We are living through a time of considerable transition as AI revolutionizes the way we work, create and live. In this moment, policymakers everywhere are looking to help their countries stay competitive and fuel the next wave of economic growth for decades to come. In the U.S., in response to the White House Office of Science and Technology Policy (OSTP)’s Request for Information, Adobe recommended key policies that would ensure AI innovation can continue to thrive in the right way, for everyone.
As the White House prepares to release the AI Action Plan this week, here is Adobe’s view on the three most critical areas where the government and policymakers can make an immediate impact to accelerate innovation and drive economic opportunity for everyone.
Fast-tracking AI innovations
AI isn’t a one-size-fits-all technology, so governments should ensure that any regulatory approaches to AI accommodate a variety of different use cases. In our own product development cycle, Adobe prioritizes context-driven AI ethics, ensuring our safeguards match the real-world use cases of our technology.
If there’s a low-risk feature, like an AI-powered font generator, we accelerate its development and ship it as quickly as our engineers can work. Features with the potential for higher risks go through an extensive process of review, training, testing and risk mitigation before we consider them for public release. Guided by this risk-based framework and our core AI Ethics principles of accountability, responsibility, and transparency, our ethical innovation and product teams can keep up the pace of innovation by fast-tracking low-risk features.
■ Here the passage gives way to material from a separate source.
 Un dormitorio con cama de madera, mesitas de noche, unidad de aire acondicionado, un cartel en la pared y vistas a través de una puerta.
A similar risk-based approach can be applied by governments, which should bring a lighter touch to low-risk AI uses while ensuring higher-risk uses get appropriate oversight and guardrails. By not painting with a broad brush — for instance, tightly regulating all AI models over a certain size — governments can help new innovations get to market faster and create more opportunities for economic growth. This risk-based approach would also be simpler, making it easier for companies to comply and innovate.
Seeing is believing
We see firsthand how creative professionals are using generative AI tools — like Adobe’s own Firefly Text to Image, Generative Fill in Photoshop and the new Generative Extend in Premiere Pro — to push creative boundaries, while streamlining tedious and time-consuming tasks. But, as the company that has been the creative community’s technological backbone for more than 40 years, it is extremely important to us that we not just make it easier to ideate and create with AI — but that we do so in the right way, by respecting creators and their rights.
That’s why we intentionally designed Adobe Firefly to be commercially safe. Distinct among commercial AI models, Firefly was trained exclusively on content that Adobe has permission to use: licensed content, such as Adobe Stock images, as well as public domain content. That means businesses and creators alike can use Firefly to generate production-ready content with confidence, knowing that no copyrights were violated in the creation of an image or video.
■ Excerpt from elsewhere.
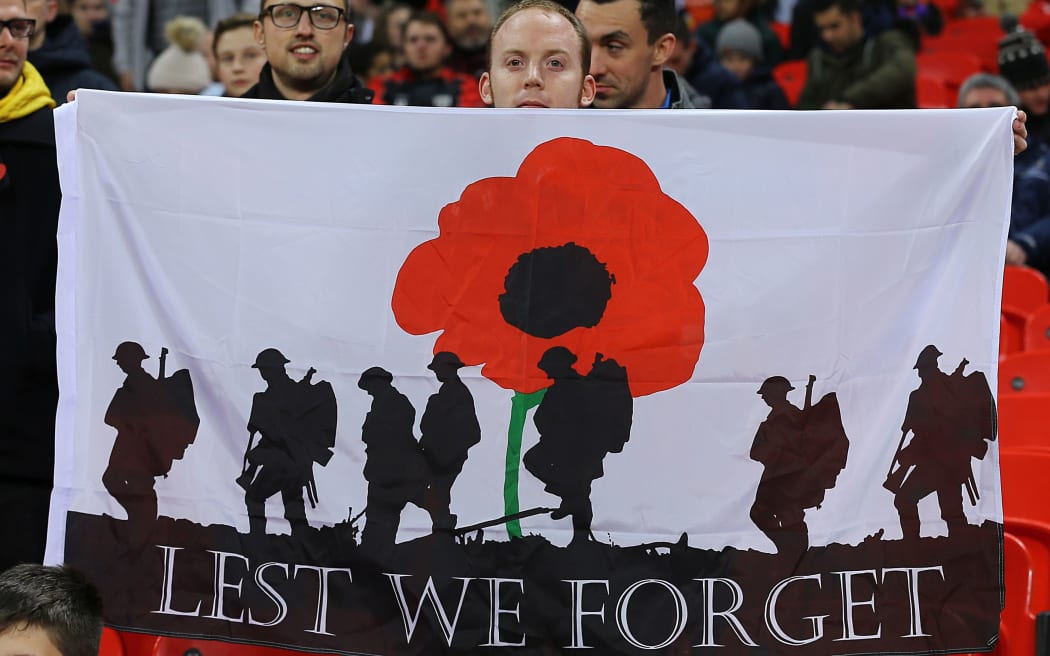 World Cup Qualifying Football. England versus Scotland. A fan Remembers with a poppy banner.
Adobe’s commitment to creators and their rights is also why we are leading an effort to universalize Content Credentials, a digital “nutrition label” with metadata that shows who made a piece of content, when and where it was made, and whether AI was used to make or edit it. Adobe’s vision is to help anyone who has something important to say — whether they’re an artist, a journalist, a government official or a citizen — establish attribution and authenticity of the digital content they produce. Already, we’re seeing significant growth for Content Credentials through the support of the Content Authenticity Initiative (CAI), the global, cross-industry coalition we founded in 2019 that now boasts over 5,000 dedicated members, including The Wall Street Journal, The New York Times, Nvidia, Microsoft, Nikon, Leica and Universal Music Group. We are also a founding member of the Coalition for Content Provenance and Authenticity, an open, global standards organization that developed the technical specifications for Content Credentials.
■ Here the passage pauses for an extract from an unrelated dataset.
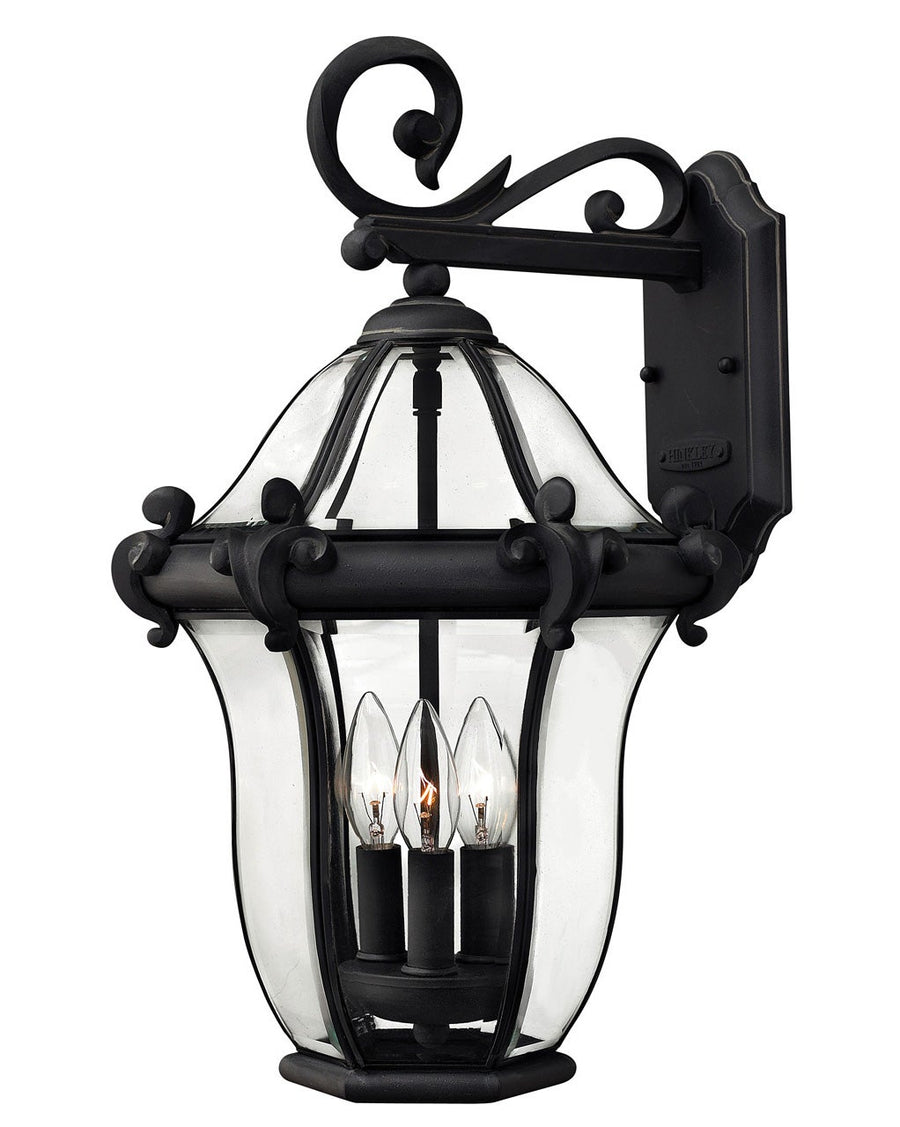 Hinkley San Clemente Museum Black wall lantern with clear glass and three candle lights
Building on this private-sector momentum, government can take two critical steps to drive widespread availability of Content Credentials.
First, they can help drive adoption of Content Credentials as an industry standard by requiring platforms preserve Content Credentials attached to digital content, thereby protecting the authenticity of online speech. This would help ensure that neither governments nor private companies are acting as arbiters of truth in the digital age. Given the vital importance of free speech online, we need standardized tools that allow creators to be associated with their works and disclose information they believe is important.
Second, government bodies can use Content Credentials themselves, offering citizens a way to verify that government content really came from the agency or policymaker it says it came from — helping to build trust between governments and citizens.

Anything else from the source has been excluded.